Palmas – deboche do público ao orador.

Peça –  Parte componente de um conjunto mecânico. Nova designação de petição, que faz parte de um conjunto dialético. Daí decorre a proximidade semântica entre a famosa expressão “pregar uma peça” e  a pretensiosa “elaborar uma peça”.

 

Propulsor –  Artifício iconológico da novidade da indústria automobilística. Assim como existe o propulsor de íons, agora existe o propulsor do carro mil.

 

Promotor de justiça – designação cabocla de promotor público, mantida por puro interesse corporativo. Título que gera perplexidade, pois é evidente que é o juiz quem promove justiça, enquanto os promotores se limitam a dizer: minha função é acusar, ele que julgue.

Positivo – quer dizer, negativo.

S

Saudação – sarcasmo de orador que atinge seu paroxismo no Tribunal do Júri, onde, às vezes, tanto o homenageado quanto o orador caem na risada.

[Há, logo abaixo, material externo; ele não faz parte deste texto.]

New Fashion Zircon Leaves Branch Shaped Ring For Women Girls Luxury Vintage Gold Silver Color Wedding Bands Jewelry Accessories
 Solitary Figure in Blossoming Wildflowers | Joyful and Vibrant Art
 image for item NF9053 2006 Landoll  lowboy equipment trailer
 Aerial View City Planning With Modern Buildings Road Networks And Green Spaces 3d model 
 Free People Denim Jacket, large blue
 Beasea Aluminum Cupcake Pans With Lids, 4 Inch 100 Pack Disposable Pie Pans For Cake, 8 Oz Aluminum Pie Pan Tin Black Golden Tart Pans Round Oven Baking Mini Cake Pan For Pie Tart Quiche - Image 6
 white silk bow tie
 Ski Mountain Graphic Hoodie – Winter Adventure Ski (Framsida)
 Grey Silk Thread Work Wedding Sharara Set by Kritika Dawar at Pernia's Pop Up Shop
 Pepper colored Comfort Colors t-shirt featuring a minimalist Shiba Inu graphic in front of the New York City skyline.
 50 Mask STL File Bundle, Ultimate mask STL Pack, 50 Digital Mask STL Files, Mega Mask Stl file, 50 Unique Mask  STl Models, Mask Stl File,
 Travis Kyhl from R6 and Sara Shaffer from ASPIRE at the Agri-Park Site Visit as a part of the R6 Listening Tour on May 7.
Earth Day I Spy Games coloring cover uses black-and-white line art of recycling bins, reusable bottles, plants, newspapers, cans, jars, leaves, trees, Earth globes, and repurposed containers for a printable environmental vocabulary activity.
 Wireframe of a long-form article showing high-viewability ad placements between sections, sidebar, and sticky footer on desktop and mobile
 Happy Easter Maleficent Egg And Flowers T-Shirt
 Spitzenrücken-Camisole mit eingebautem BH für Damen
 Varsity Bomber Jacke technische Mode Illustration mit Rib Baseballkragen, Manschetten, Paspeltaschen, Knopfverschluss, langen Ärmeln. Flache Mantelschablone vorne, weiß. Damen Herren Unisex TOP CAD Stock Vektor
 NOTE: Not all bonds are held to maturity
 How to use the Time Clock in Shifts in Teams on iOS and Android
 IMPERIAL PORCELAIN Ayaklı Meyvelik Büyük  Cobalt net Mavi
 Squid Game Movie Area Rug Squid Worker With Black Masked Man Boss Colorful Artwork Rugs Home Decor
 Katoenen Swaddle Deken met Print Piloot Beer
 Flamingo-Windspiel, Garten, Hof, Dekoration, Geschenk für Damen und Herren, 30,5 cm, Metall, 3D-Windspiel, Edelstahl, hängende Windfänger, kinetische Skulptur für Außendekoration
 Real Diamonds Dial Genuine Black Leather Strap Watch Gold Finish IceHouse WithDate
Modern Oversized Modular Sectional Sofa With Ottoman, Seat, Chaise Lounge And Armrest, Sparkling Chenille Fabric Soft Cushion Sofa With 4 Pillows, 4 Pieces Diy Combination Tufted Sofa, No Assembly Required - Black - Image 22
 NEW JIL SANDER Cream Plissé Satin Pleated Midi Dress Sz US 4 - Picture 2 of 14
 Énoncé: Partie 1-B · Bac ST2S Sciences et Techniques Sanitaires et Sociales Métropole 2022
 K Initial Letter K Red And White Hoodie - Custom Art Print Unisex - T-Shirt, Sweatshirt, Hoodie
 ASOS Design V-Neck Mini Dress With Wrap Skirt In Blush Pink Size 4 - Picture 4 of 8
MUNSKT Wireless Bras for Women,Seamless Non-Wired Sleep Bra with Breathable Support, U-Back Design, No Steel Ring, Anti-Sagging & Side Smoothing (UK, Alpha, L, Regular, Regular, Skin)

Sentir muito – formula polida para expressar àquele a quem se dirige que o assunto não lhe diz respeito e nem lhe interessa e que, geralmente é respondida por aquele que sofre com fórmula do mesmo calibre: “obrigado por suas palavras gentis”.

Sessão solene – ato público relevante  em que há um arranjo floral sobre a mesa do presidente.

Sessão ordinária – o nome já diz tudo.

Solenidade – cerimônia enfadonha totalmente dispensável.

T

Trazer à tona – só vem à tona o que está podre e inchado. Quase sempre quando a verdade vem à tona é muito desagradável e seria melhor que permanecesse no fundo; o tipo de atitude inconveniente numa reunião social. Um cadáver geralmente leva três dias para vir à tona.

Transparência – exposição pública e detalhada da sacanagem com o dinheiro público, você é que não entende.

Tira gosto – de quê?

V

Vaia – homenagem do público que estava prestando atenção ao discurso do orador.